Mr. Cason’s Vegetable Garden is a welcoming site with its seven and a half acres flowing with juicy vegetables, blossoming wildflowers, soothing herbs, and mouthwatering fruit. Particularly alluring is the southern feel that overcomes visitors upon entering the garden. This atmosphere is what provided the setting for the popular television show, The Victory Garden, that aired on PBS. What a thrill to enter a famous garden!
Mr. Cason’s Vegetable Garden was one of the last major projects developed by Cason J. Callaway before his passing. The garden was named in his memory and now lives on in the mind of all who enter. The gardens demonstrate scientific, educational, and practical applications for growing fruits and vegetables. The test plots might even inspire visitors to try new methods in their own garden.
Learn more at their website: http://www.callawaygardens.com/gardens/woodland/vegetable-garden.aspx
The vegetable garden hosts more than 400 varieties of crops. The crops grown include some of the traditional as well as southern favorites. The varieties chosen are selected for their visual appeal, quality, and succulent flavor. The vigorous plants are cared for by Callaway employees and the best produce is selected to be sold in the Callaway store and restaurant. There is nothing better than fresh fruits and vegetables grown with care and love!

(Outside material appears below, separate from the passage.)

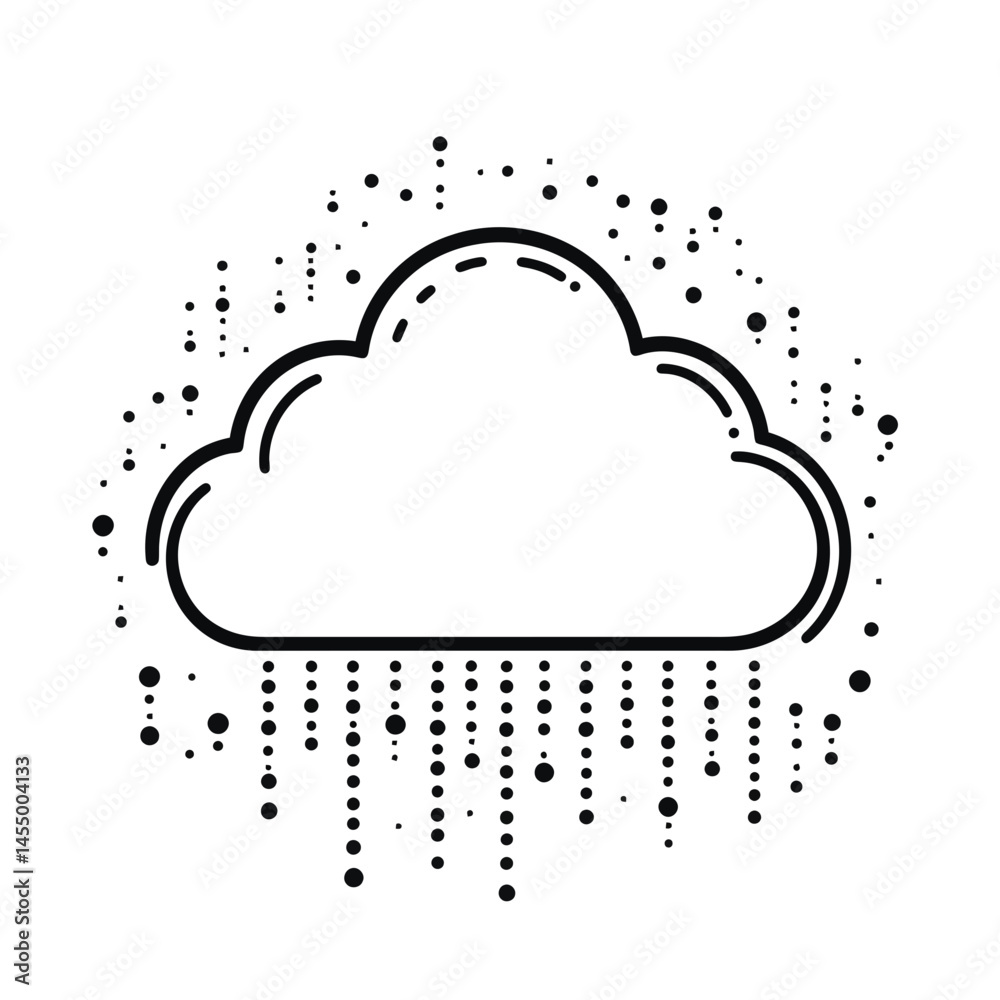 Poster minimalist cirrus cloud icon with tech-inspired design featuring simple lines and dots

I found the tomato plot especially interesting. Wooden polls and wire was used to host up the bushy tomatoes. This provided support and guidance to keep plants from trailing along the grounds.
Muscadine grapes were beginning to develop fruit when we arrived in July. Grapes are ready to pick in the fall for use as jellies, sauces, pies, and wine that is after competition with birds! This variety is native to the south and thrives in regions with mild winters. It grows in the wild and benefits from a supportive trellis.
Our last stop was to the Victory Garden South. The shed within the garden doubles as the Vegetable Garden Shop in the summer and at intervals during the spring and fall.
Vegetable scraps and organic matter is recycled into nutritious compost. This is truly inspirational to all fellow organic gardens or those who inspire to in the future. Compost feeds the roots therefore producing healthy plants and produce. Never underestimate the power of compost in the garden. Plus its free!
Elizabeth’s Traveling Tips: I suggest bringing sunscreen, sunglasses, shade hat or an umbrella during the summer.